La princesa del pueblo
Nunca olvidaré la muerte de Lady Di, aunque reconozco que ello se debe a un acontecimiento bastante banal: la pobre la diñó el día de San Ramón Nonato, mi santo patrón, y fue tema de conversación en la comida que solía celebrarse en la segunda residencia de mis progenitores en Canet de Mar y que constituía el punto álgido de nuestra desangelada vida familiar (mi padre también se llamaba Ramón). Diana Spencer (Sandringham, 1961 - París, 1997) tuvo muchos fans en vida, conservando a la mayoría de ellos tras su muerte (Elton John tuneó en su honor un tema dedicado a Marilyn Monroe, cambiando el título original, Candle in the wind por el de Goodbye, England´s rose, y consiguiendo que Keith Richards lo definiera como “ese tío que compone canciones sobre rubias muertas”). Reconozco que nunca formé parte de su base de fans y que lamenté su fallecimiento como habría lamentado el de cualquier persona de su edad. Lo cierto es que la pobre Diana me resultaba un pelín cargante.

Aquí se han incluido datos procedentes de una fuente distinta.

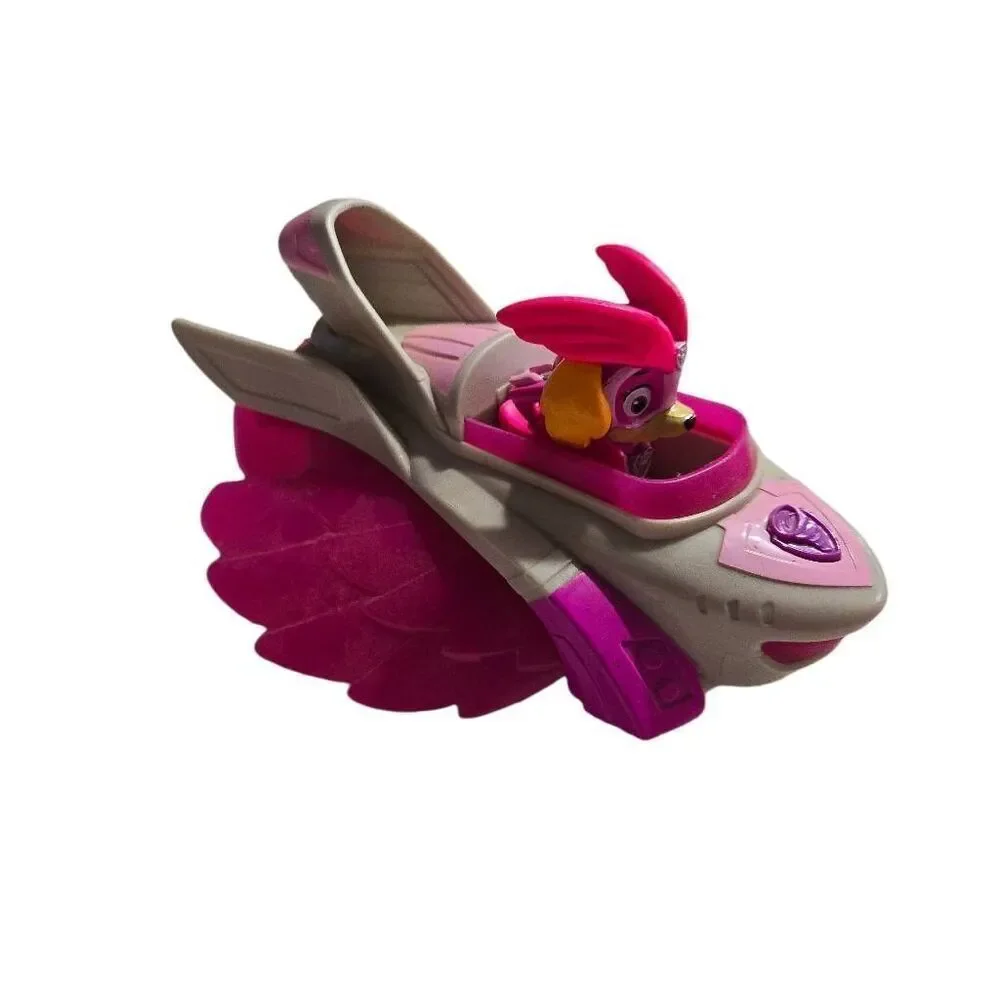 Paw Patrol Super Charged Skye Vehicle Mighty Pups and Paw Patrol Skye Rescue Hel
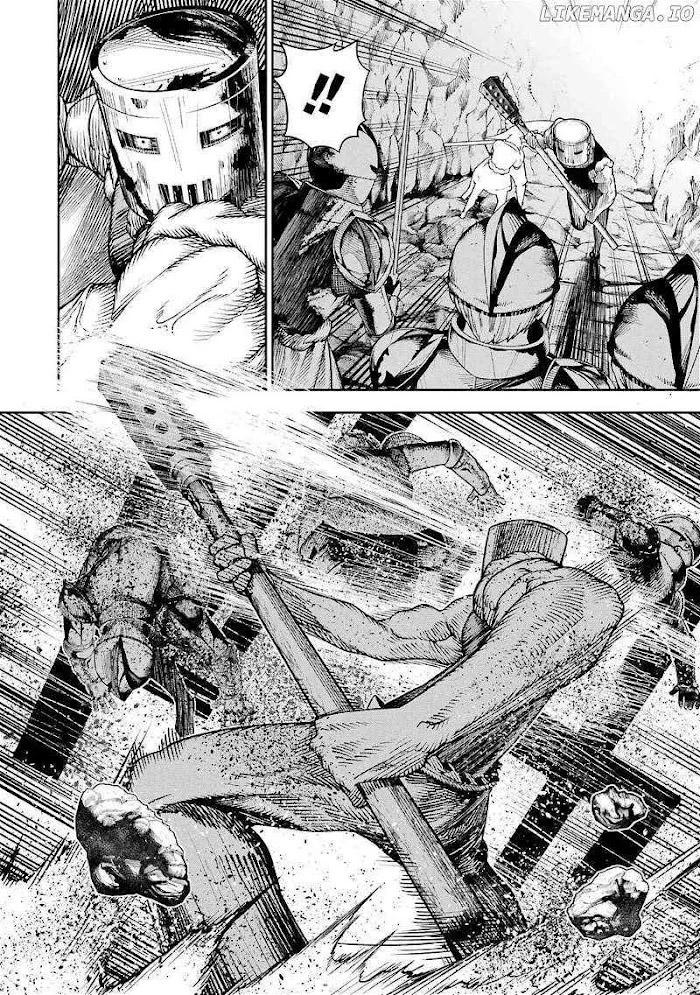 Halaman 9 dari Blood-crawling Princess of a ruined Country Chapter 6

Ya sé que su boda con el eterno príncipe heredero fue una catástrofe y que los Windsor solo la querían para fabricar herederos a la corona, pero me temo que esa mujer superó ampliamente la edad habitual para creer en cuentos de hadas. Su marido nunca dejó de cepillarse a su amante, Camilla Parker Bowles, y yo diría que le dejó meridianamente claro que así estaba el patio, se pusiera como se pusiera, y que, si aún seguía creyendo en cuentos de hadas a su edad, eso era un problema suyo.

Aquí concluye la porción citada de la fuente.